WHAT NEEDS TO BE DONE:
All that belongs in the answer is the lines from the one containing "Darstellung des Puzzle" to the end of the listing below, copied exactly, pictures excluded.

···

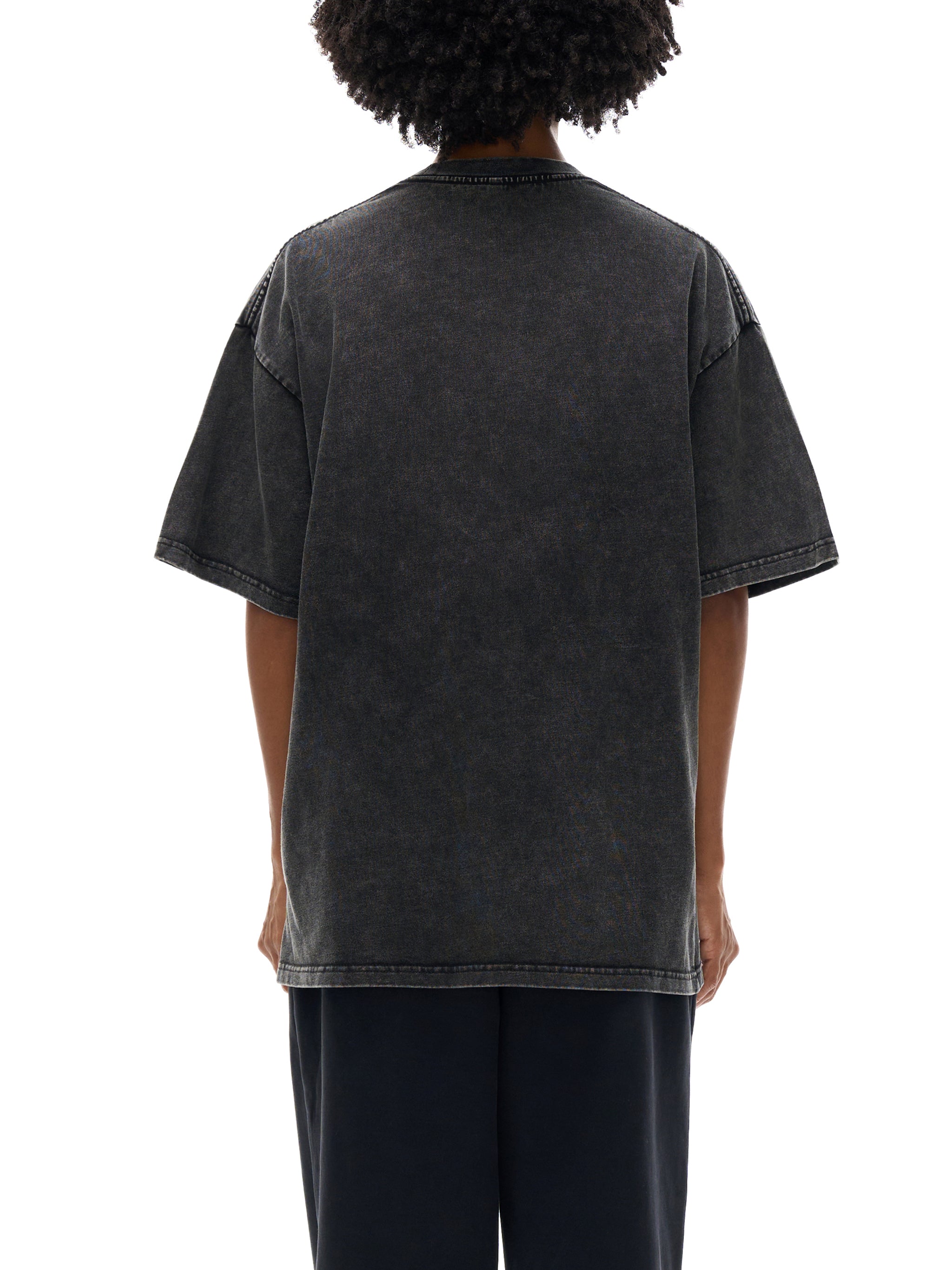 RAW MIND ENT. (Snow Washed Oversized Cotton T-Shirt)
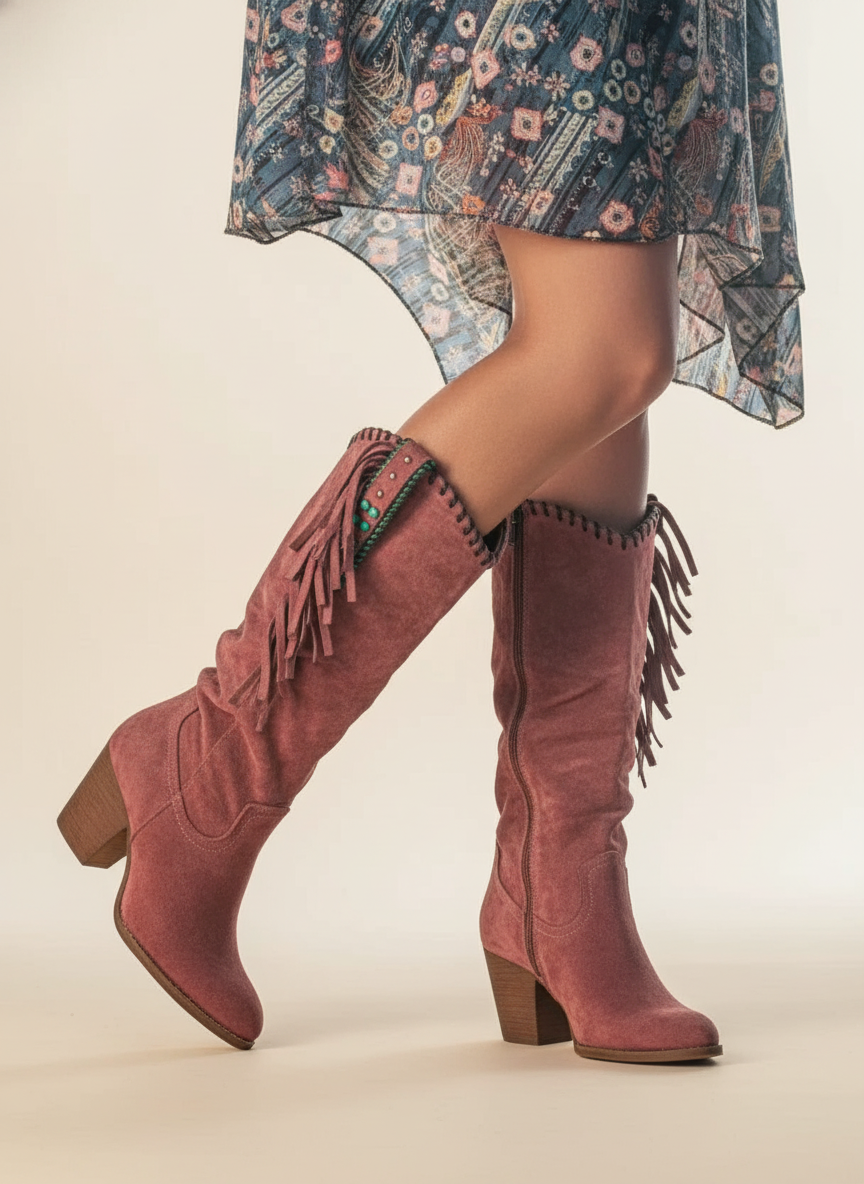 Venetia | Orthopedic Fringe Boots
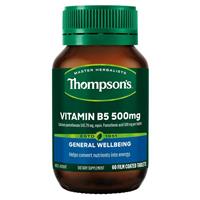 Thompson's B5 Pantothenic Acid 500mg 60 Tablets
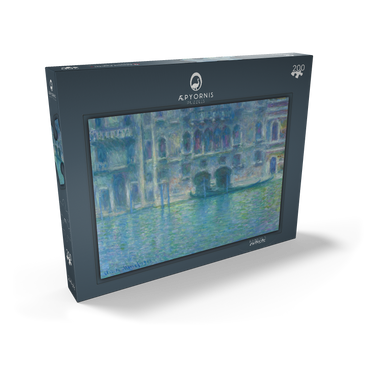 Darstellung des Puzzle Motivs Palazzo da Mula, Venice (1908) by Claude Monet 200 Puzzle Schachtel Ansicht2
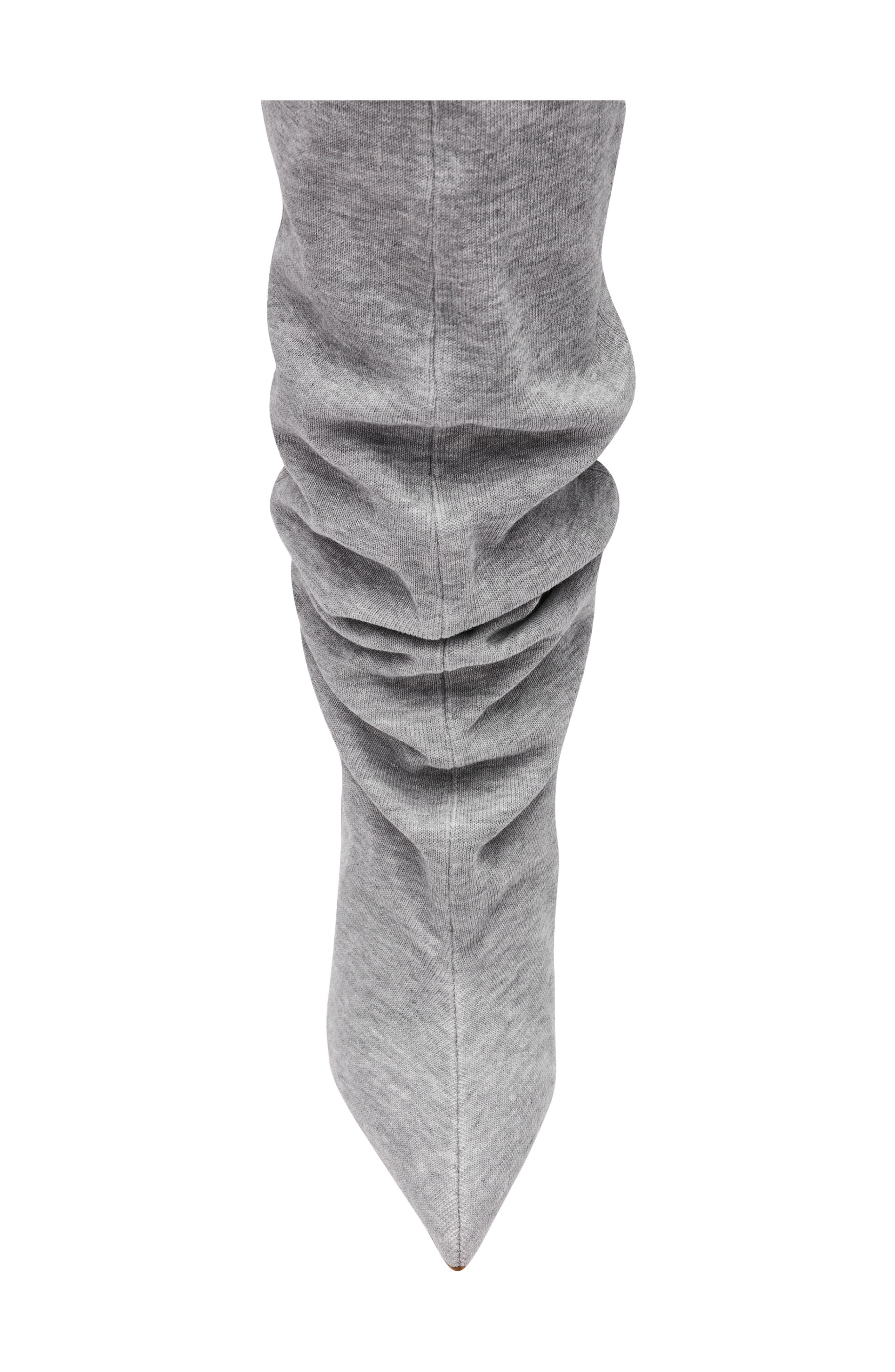 Steve Madden Distortion Knee High Boot, Alternate, color, Grey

···

SOLUTION FOR THIS EXERCISE:
 Darstellung des Puzzle Motivs Palazzo da Mula, Venice (1908) by Claude Monet 200 Puzzle Schachtel Ansicht2
 Steve Madden Distortion Knee High Boot, Alternate, color, Grey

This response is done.